2. Lessee mempunyai hak opsi untuk membeli aset pada harga tertentu yang cukup rendah.
3. Masa sewa merupakan sebagian besar dari umur ekonomis aset, tanpa harus ada pemindahan hak milik.
4. Pada awal masa sewa, nilai sekarang dari jumlah pembayaran mendekati nilai wajar.
5. Aset sewaan bersifat khusus dimana hanya lessee yang dapat menggunakannya tanpa modifikasi khusus.
2.4.3.2 Sewa Guna Usaha (Leasing) Menurut SAK ETAP Menurut Standar Akuntansi Keuangan ETAP, lessee harus
mengungkapkan hal-hal berikut atas transaksi capital lease dalam laporan keuangan :
a. Jumlah pembayaran sewa yang harus dibayar selama masa sewa. b. Penyusutan aset sewaan yang dibebankan dalam periode berjalan. c. Jaminan yang diberikan sehubungan dengan transaksi sewa.
d. Keuntungan atau kerugian yang ditangguhkan beserta amortisasinya sehubungan dengan transaksi jual dan sewa-balik.
e. Ikatan-ikatan penting yang dipersyaratkan dalam perjanjian sewa. 2.4.4 Pertukaran Aset Tetap
2.4.4.1 Pertukaran Aset Tetap Menurut SAK ETAP
Menurut Standar Akuntansi Keuangan ETAP, jika aset tetap diperoleh melalui pertukaran dengan aset moneter atau kombinasi aset moneter dan aset moneter, maka biaya perolehan diukur pada nilai wajar, kecuali transaksi pertukaran tidak memiliki substansial komersial atau nilai wajar aset yang
diterima atau aset yang diserahkan tidak dapat diukur secara wajar, sehingga biaya perolehan diukur pada jumlah tercatat aset yang diserahkan.

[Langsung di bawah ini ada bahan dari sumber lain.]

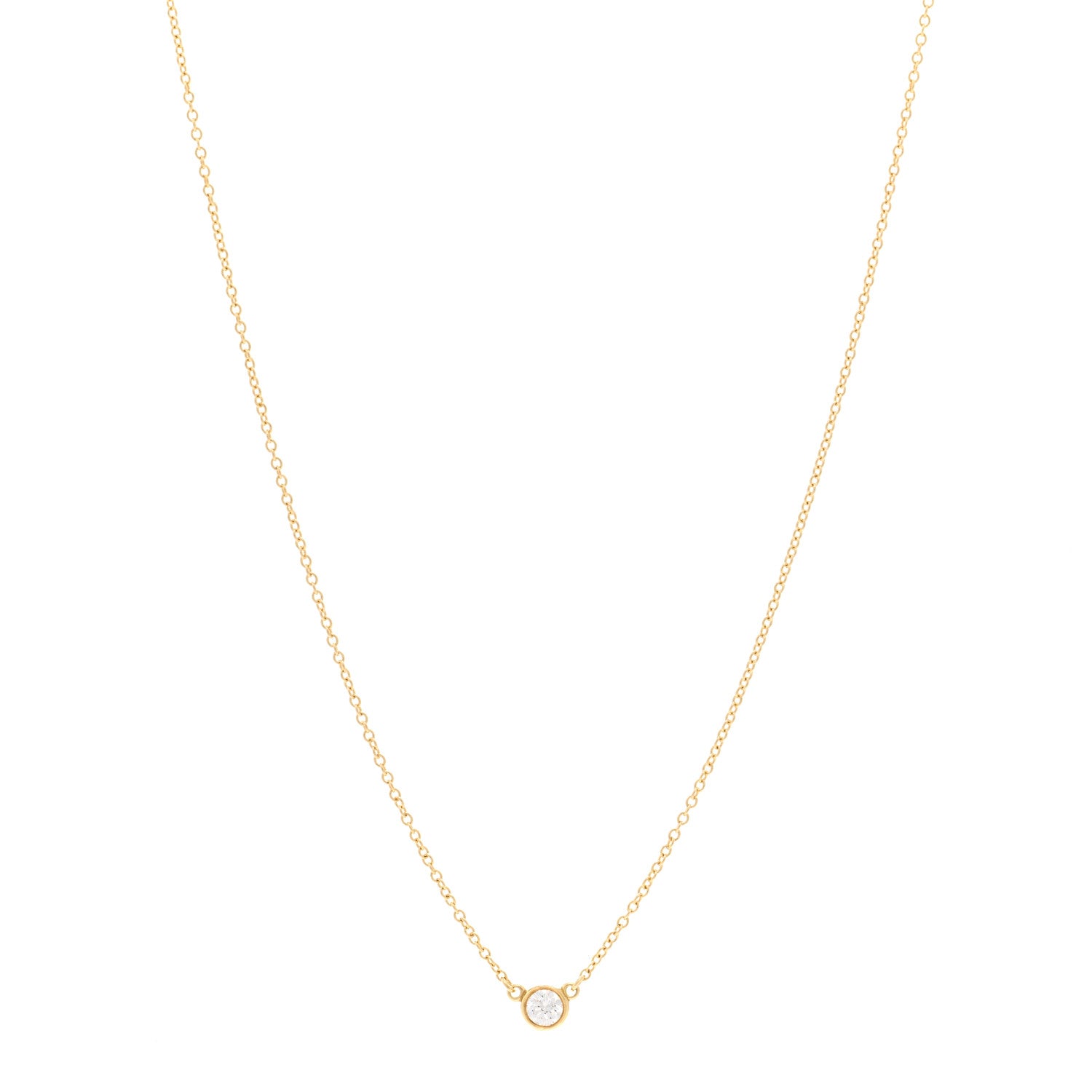 Tiffany 18K Yellow Gold Diamond .17ct Elsa Peretti Diamonds by the Yard Pendant Necklace 1 of 4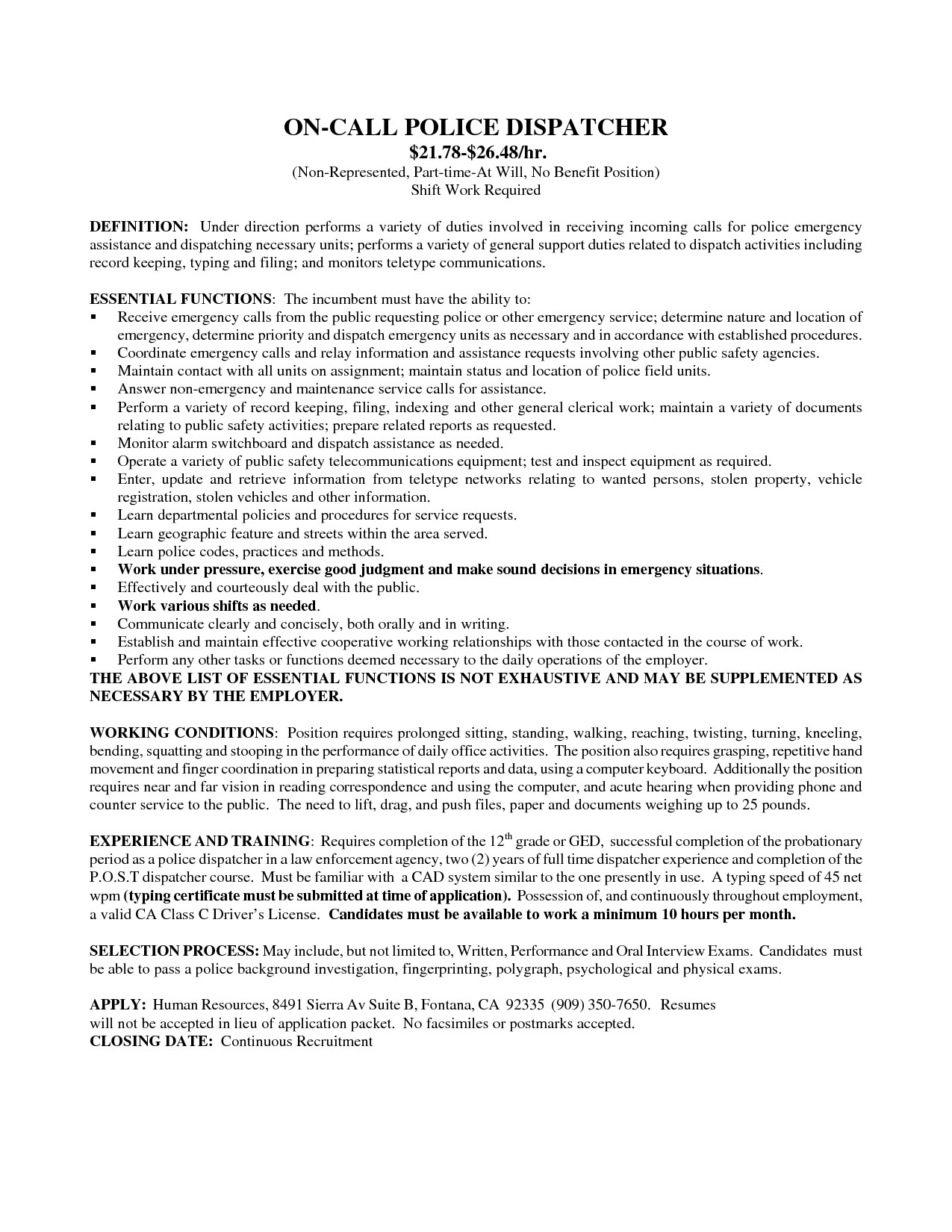 Resume Objective Examples For 911 Dispatcher 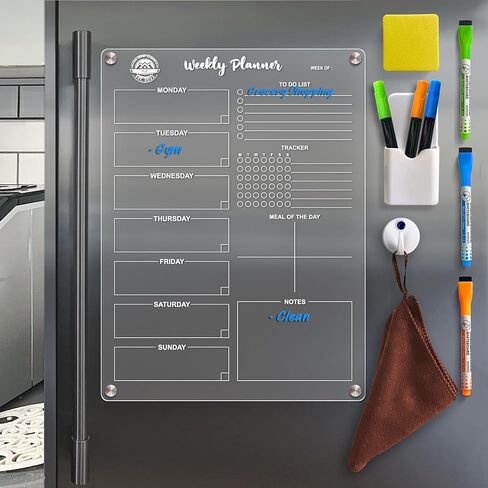 Acrylic Clear Magnetic Weekly Planner 16" x 12" kit,Clear Magnetic dry eraser board,Magnetic Weekly Meal Planner for fridge, Weekly planner for kitchen. in Saudi Arabia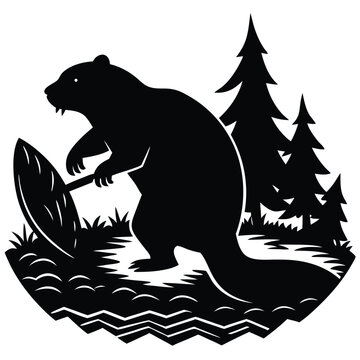 black beaver cutting wood silhouette clip art preview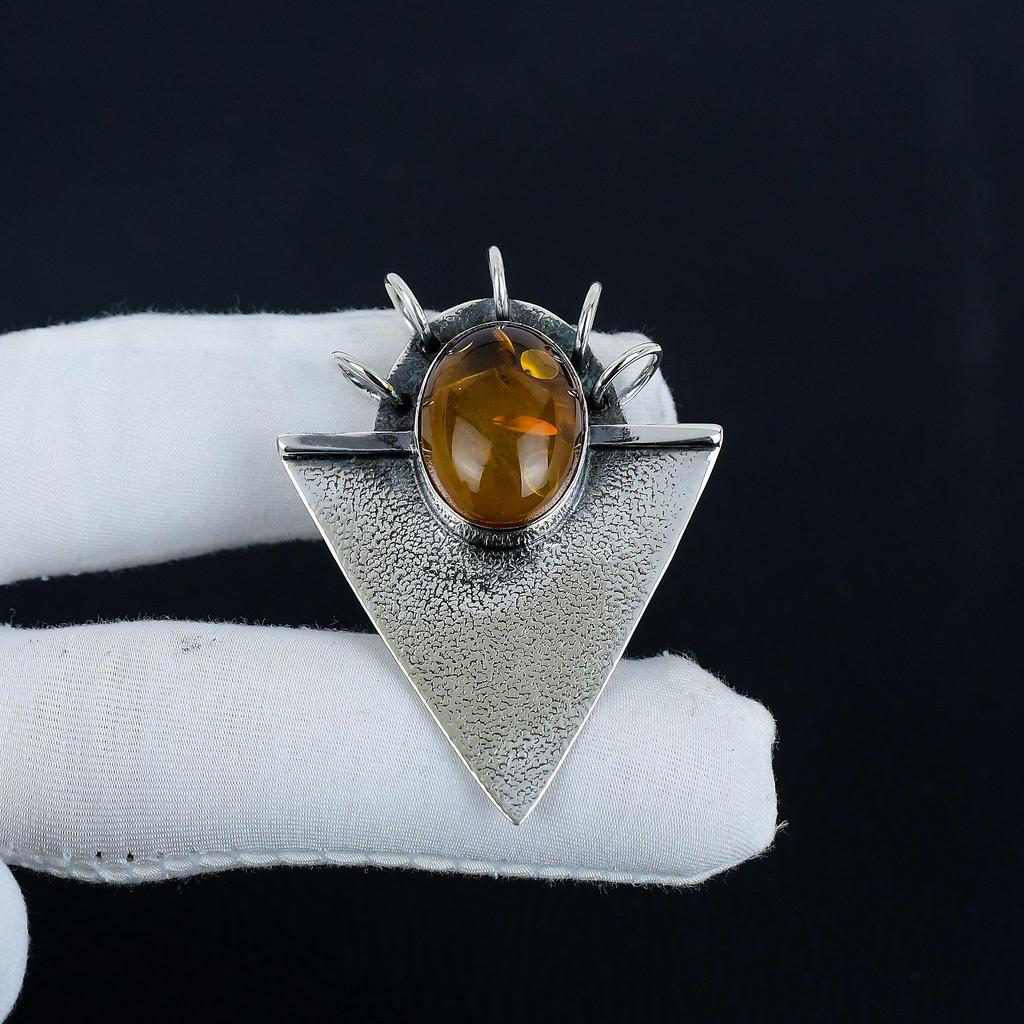 Natural Baltic Amber Gemstone Silver Pendant In 925 Sterling Silver- Handmade Design, Everyday Wear Jewelry, Unique Pendant Mother's Day Gift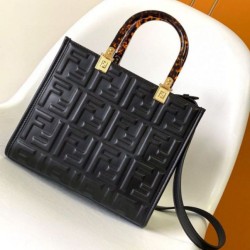Replica Fendi Sunshine Small Tote Bag In Black FF Calfskin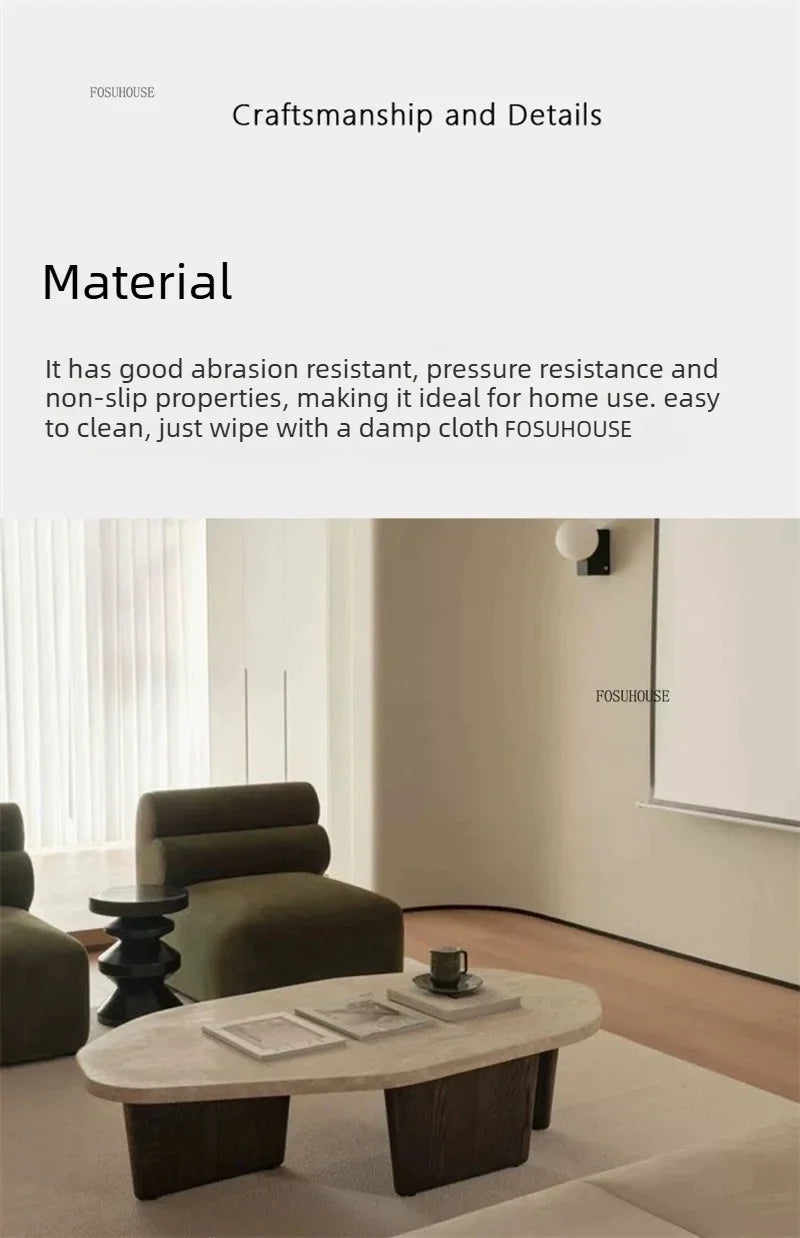 Natural wood low-profile coffee table — alternate product view
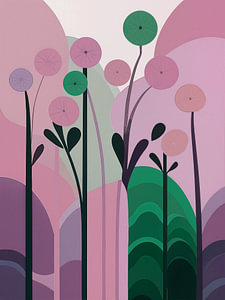 Modern Abstract: Rosa Blumen auf organischen Formen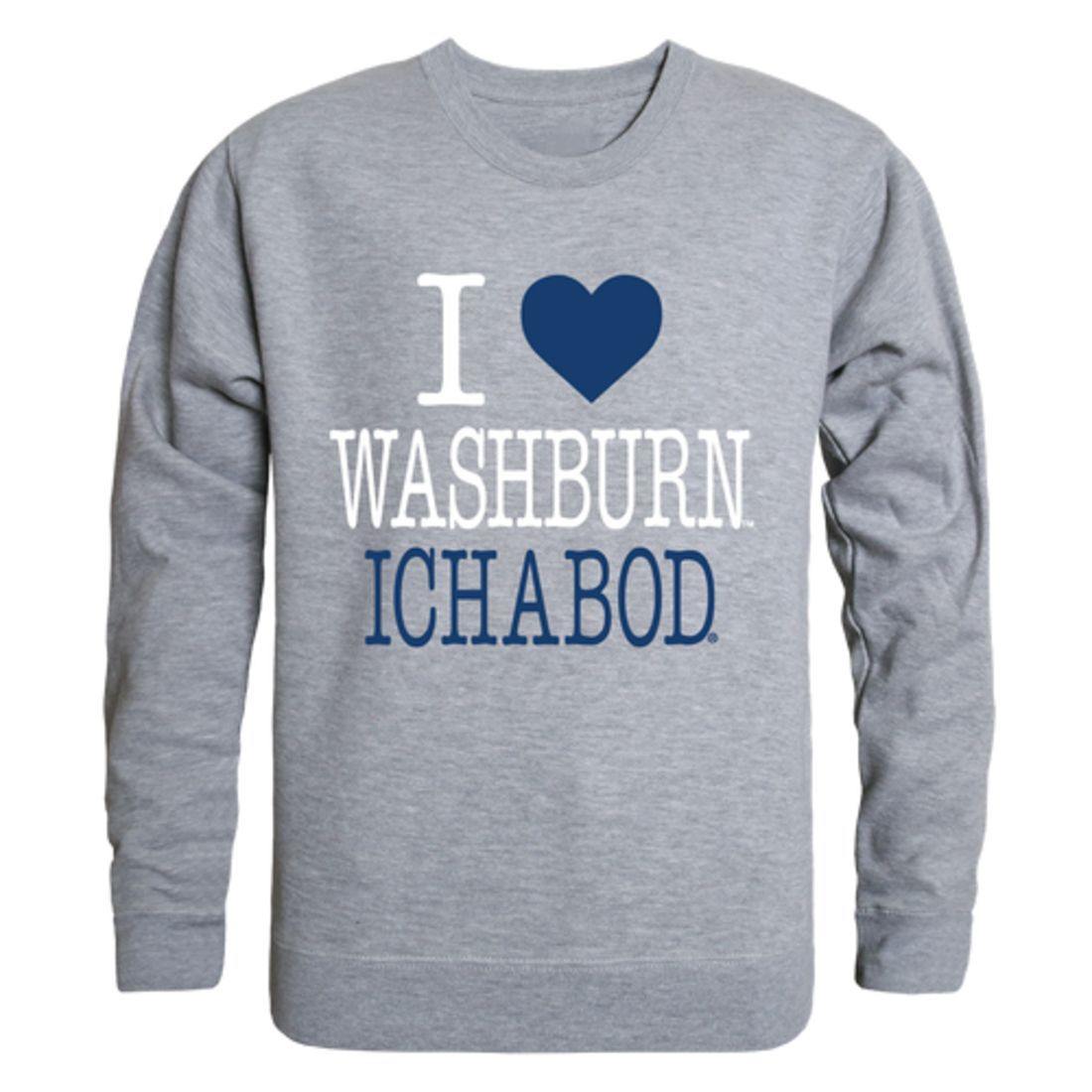 I Love Washburn University Ichabods Crewneck Pullover Sweatshirt Sweater-Campus-Wardrobe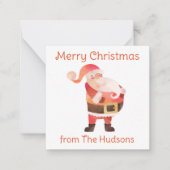 Waterverf kerstkerstcadeaukaart notitiekaartje (Voorkant)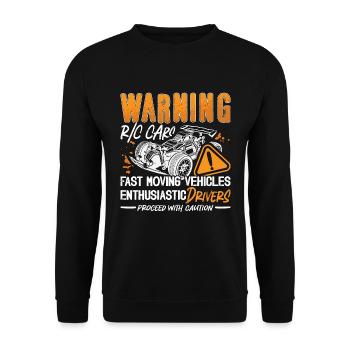 RC Model Racing Warning R/C Cars Fast Model Maker - Unisex Pullover - Schwarz - Vorne - Alina (178cm) & Michal (187cm)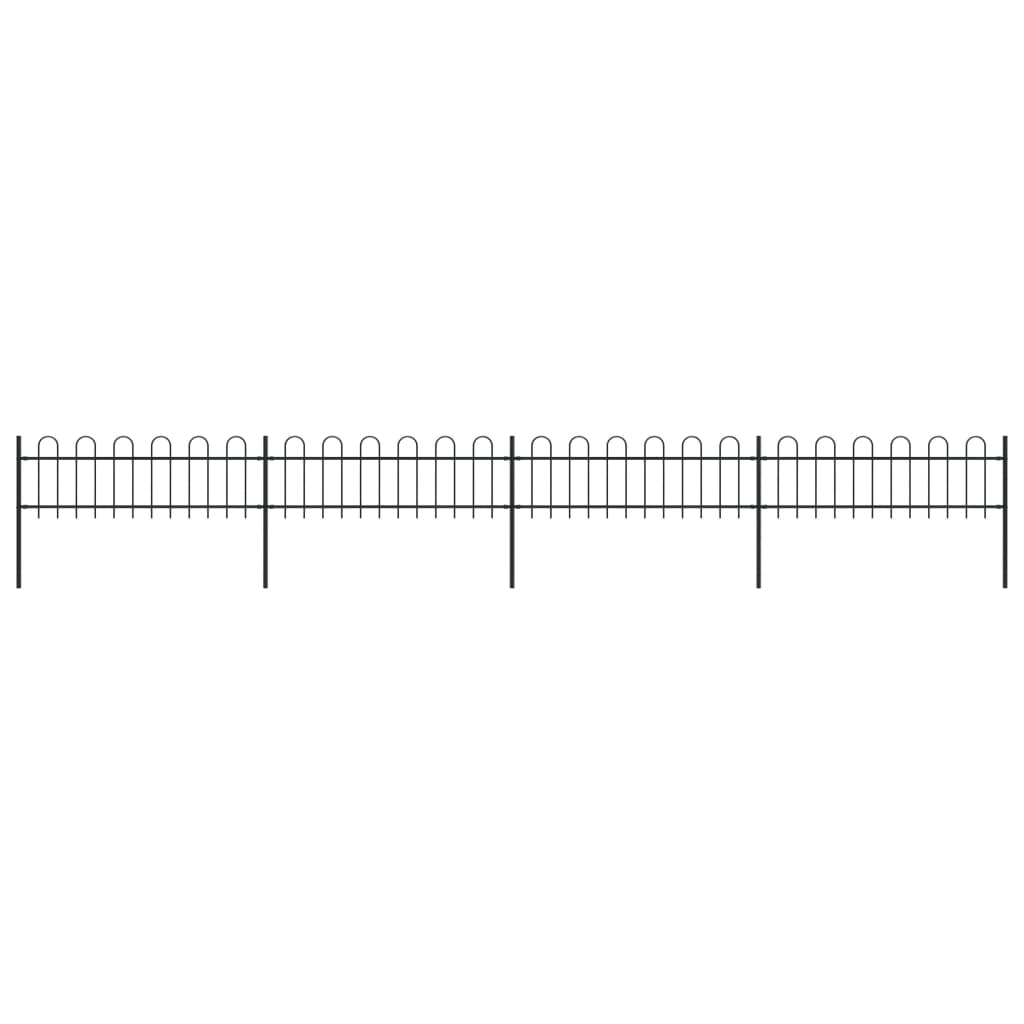 Recinzione da Giardino con Punta Tonda in Acciaio 6,8x0,6m Nera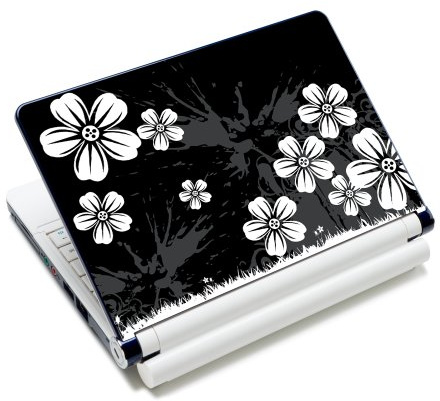 wortek Universal Notebook Skin für Laptops, Ultrabooks & Netbooks bis ca. 10,2 Zoll - Blumen Schwarz Weiß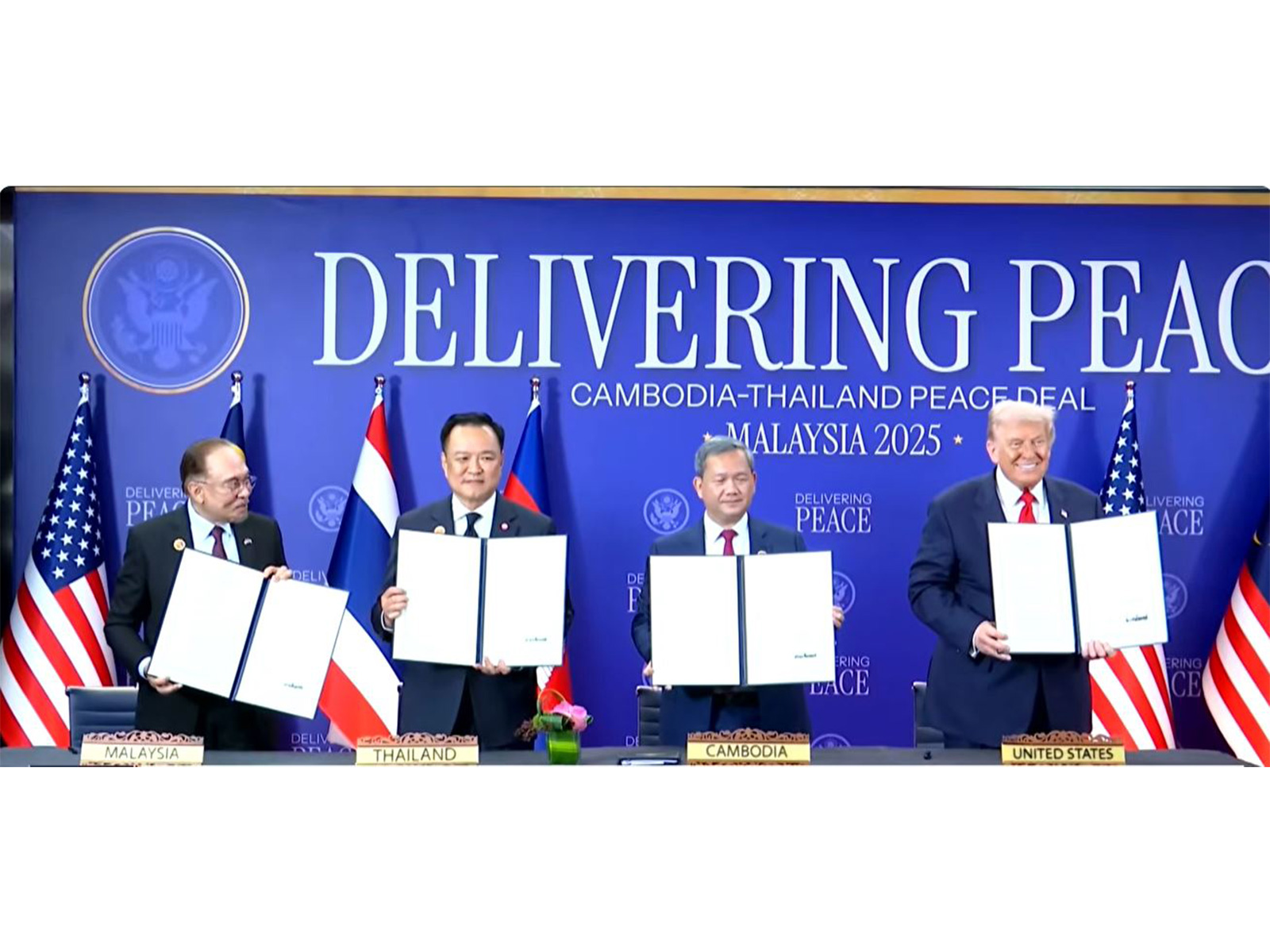 US President Donald Trump attends the signing of a historic peace deal between Thailand and Cambodia in Kuala Lumpur. (Image Source: The White House/YouTube) US President Donald Trump attends the signing of a historic peace deal between Thailand and Cambodia in Kuala Lumpur. (Image Source: The White House/YouTube)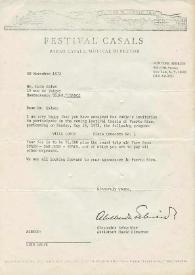 Carta mecanografiada de Reed, Christine (Secretary to Alexander Schneider) a Luis Galve. 1972-11-30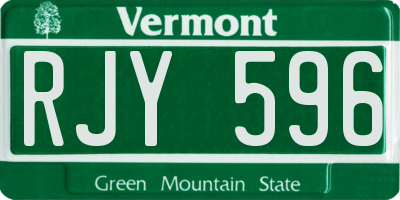 VT license plate RJY596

2.4.4.1 Pertukaran Aset Tetap Menurut SAK IFRS
Menurut Standar Akuntansi Keuangan IFRS, pertukaran aset tetap diukur dengan nilai wajar. Akan tetapi, jangan menghitungnya pada nilai wajar jika pertukaran itu tidak memiliki substansi komersial atau tidak memungkinkan untuk mengukur aset yang diterima itu secara andal atau jika aset itu dihibahkan. Jika
tidak memungkinkan untuk menghitungnya pada nilai wajar, maka hitunglah aset yang diperoleh melalui hibah itu pada nilai bukunya.
BAB III
METODOLOGI PENELITIAN 3.1 Ruang lingkup penelitian
Ruang lingkup penelitian adalah suatu batasan studi yang menjelaskan fokus studi agar tidak melebar pada masalah yang lain. Dengan demikian seorang peneliti tahu persis data mana yang perlu dikumpulkan dan data mana yang tidak perlu dikumpulkan. Ruang lingkup penelitian ini adalah perolehan aset tetap dengan cara pembelian tunai, pembelian kredit, sewa guna usaha, dan pertukaran.
3.2 Sumber Data
Sumber data dalam penelitian ini adalah berupa literatur dan buku-buku yang berhubungan dengan permasalahan penelitian.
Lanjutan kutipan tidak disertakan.